The BSP’s Monetary Board on Aug. 15 reduced its policy rate by 25 basis points (bps) to 6.25% from a near 17-year high of 6.5%, marking its first easing move in nearly four years.
BSP Governor Eli M. Remolona, Jr. has said they could cut rates by another 25 bps within the year.
Unicapital Head of Research Wendy B. Estacio-Cruz said in a separate interview that retail and F&B companies are expected to have a modest growth this year.
“We came from high levels for last year. For this year, I think it is slightly up from last year but not as much as the growth from last year,” she said.
“There will be an influx of consumer spending over the next couple of months, especially the ‘ber’ months. There’s a slight or modest growth from last year,” she added.
Mr. Cipres said that listed retailers Puregold Price Club, Inc., San Miguel Food and Beverage, Inc., Universal Robina Corp., and Robinsons Retail Holdings, Inc. will benefit from increased consumer spending during the holiday season.
“These are poised to take advantage of consumer demand during the holidays through increased sales for groceries, supermarkets, and department stores,” he said.
He added that Jollibee Foods Corp. and Alliance Global Group, Inc. (AGI), which operates McDonalds’ Philippines through Golden Arches Development Corp. (GADC), will also benefit from increased number of gatherings.
“JFC would benefit from the parties and gatherings that typically occur during holidays. While AGI would benefit given their stake in GADC; lackluster performance from their other segments would temper this,” he said.
Unicapital’s Ms. Cruz said that listed operators SM Prime Holdings, Inc. and Robinsons Land Corp. will see a surge in performance during the holiday season.
She added that listed banks will also benefit from increased consumer spending amid expected rate cuts.
“We’re also expecting banks to benefit from the lowering interest rates. There will be a lot of consumer and retail spending. There will be a lot of mortgage as well as automotive loans,” she said.
For his part, China bank Securities’ Mr. Oliveros said that listed companies Century Pacific Food, Inc. (CNPF) and Monde Nissin Corp. will see a surge this holiday season.

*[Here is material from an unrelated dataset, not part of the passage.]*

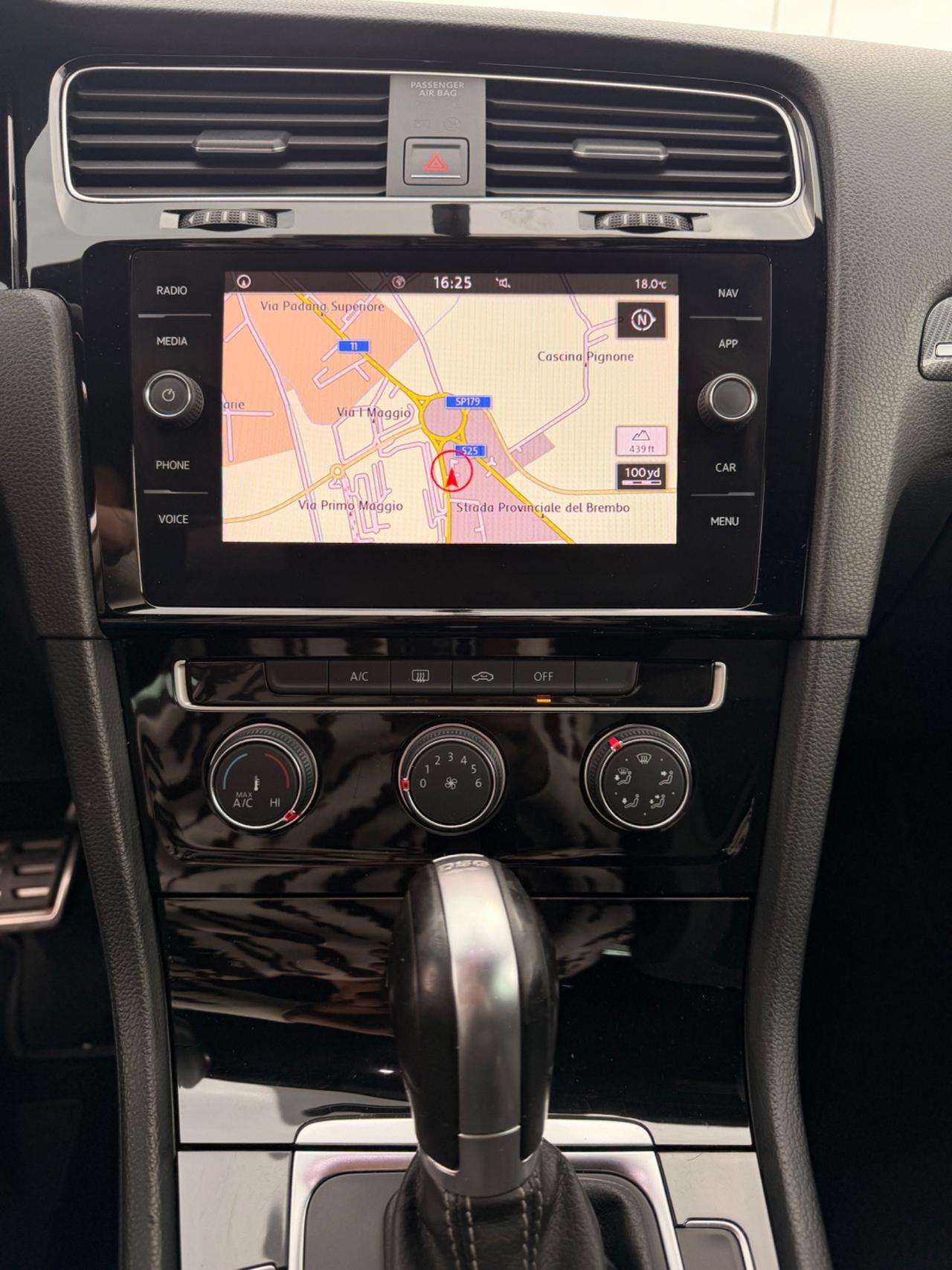 Volkswagen Golf 2.0 TDI DSG 5p. R-Line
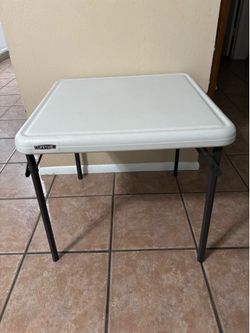 Lifetime Kids Folding Table 24 in. W Square ( great condition)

“CNPF’s diversified product portfolio allows the company to remain the top-of-mind producer of accessible and value-for-money goods. The company also has new legs for growth as they continue to scale their emerging businesses like milk, pet food, and alternative meat,” he said.

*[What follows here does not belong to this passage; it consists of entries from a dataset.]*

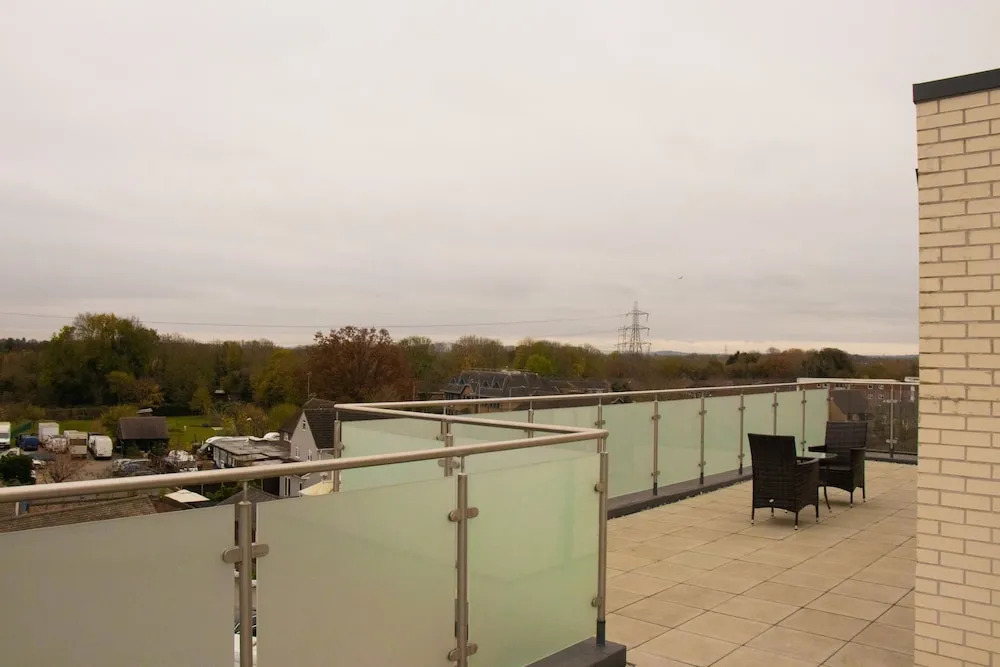 Livestay - 2bed Penthouse With Wrap Around Balcony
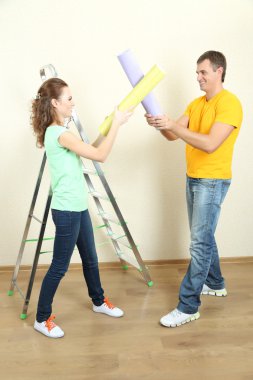 genç bir çift yeni evde tadilat işi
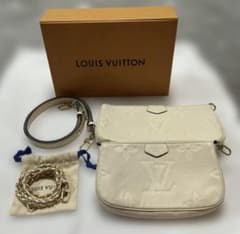 ルイヴィトン マルチポシェットアクセソワール 付属品あり美品です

“Monde Nissin is expected to continue benefitting from stable demand across its core categories (noodles, baked goods), complemented by their efforts to boost brand awareness. Meanwhile, more favorable economic conditions in the United Kingdom could also aid the demand recovery for its alternative meat business,” he added.
Mr. Oliveros also said that listed telecommunication companies Globe Telecom, Inc., PLDT Inc., and Converge Information and Communications Technology Solutions, Inc. will also benefit during the holiday season.

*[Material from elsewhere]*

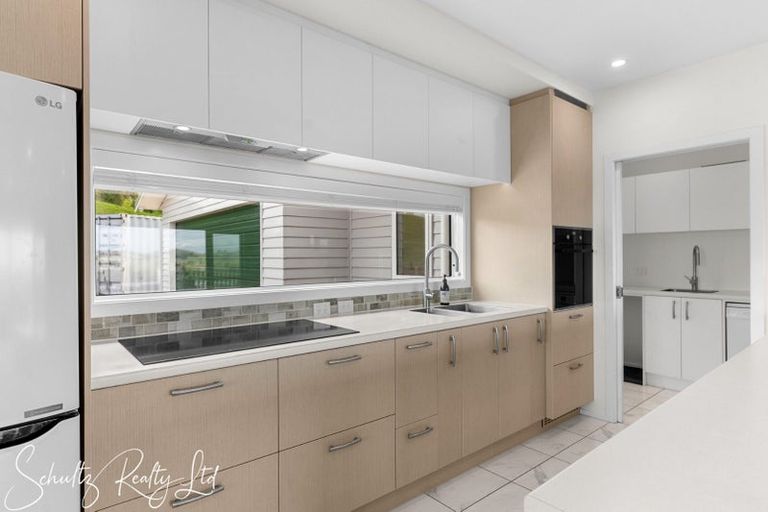 Photo of property in 67 Te Pahi River Drive, Paparoa, 0583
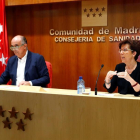 La directora general de Salud Pública, Elena Andradas, y el viceconsejero madrileño de Salud Pública y Plan COVID-19, Antonio Zapatero, durante la rueda de prensa.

“We like telcos given expectations of steady demand for data services, alongside accelerating earnings contributions from non-telco services. Note these factors helped support earnings growth across major listed telco players over the past few quarters,” he said.
Meanwhile, SM Prime Executive Committee Chairman Hans T. Sy said in a separate ambush interview that the company has a positive outlook for its retail and mall businesses.
“Shopping and retail are always going to always be there. We’re very positive still. It depends on how you’re going to be able to sell, whether online or on the physical side,” he said.
“What we need to do is to adapt. Instead of expecting people to go to your place to shop, you have to make it experiential for them, make it interesting for them. A place to see or a place to be seen. That’s now the evolution of shopping,” he added.